In the Bayesian model, prior distributions have to be specified for all parameters in the model. The prior distributions we use are
\begin{align}
\bs{\beta} &\sim N(\bs{0}, 10000 \cdot \bs{I}); \\
\phi &\sim U(0, 100); \\
p &\sim U(1.01, 1.99),
\end{align}
where the prior mean and variance of $\bs{\beta}$ and the bounds for $\phi$ and $p$ can be modified using the argument \texttt{prior.beta.mean}, \texttt{prior.beta.var}, \texttt{bound.phi} and \texttt{bound.p}, respectively.
If a mixed model is specified, we specify the prior distribution of the variance component as follows. If there is one random effect in a group, the inverse Gamma distribution is used; and if there is more than one random effects in a group, the inverse Wishart distribution is used:
\begin{align}
\sigma_b^{-2} &\sim Gamma(0.001, 1000); \\
\bs{\Sigma}^{-1} &\sim Wishart_d(\bs{I}),
\end{align}
where $d$ is the dimension of $\bs{\Sigma}$. Currently, the parameter values in these prior distributions cannot be modified by the user.

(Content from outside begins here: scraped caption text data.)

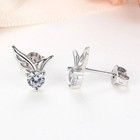 925 Sterling Silver Crystal Angel Wing Stud Earrings Women Girls Jewellery Gift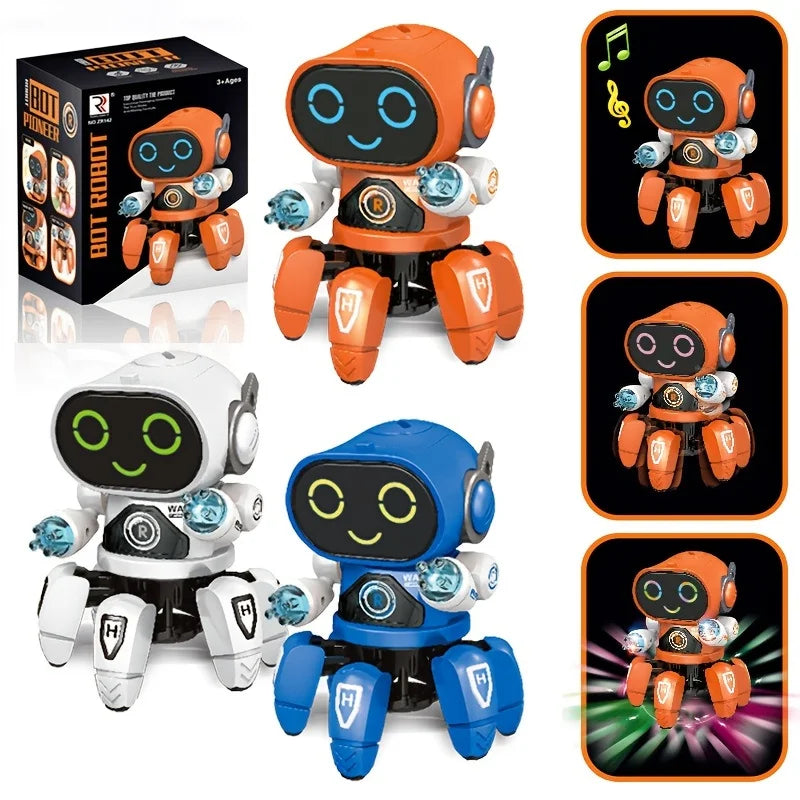 Cute 6-Claw LED Musical Dancing Robot Toy for Kids by HitMyNeed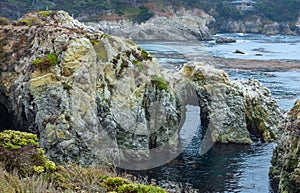 Beautiful landscape, view rocky Pacific Ocean coast at Point Lobos State Reserve in Carmel, California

In implementing the MCMC, we construct a Gibbs sampler in which parameters are updated one at a time given the current values of all the other parameters. Specifically, we use the random-walk Metropolis-Hastings algorithm in updating each parameter except for the variance components, which can be simulated directly due to conjugacy.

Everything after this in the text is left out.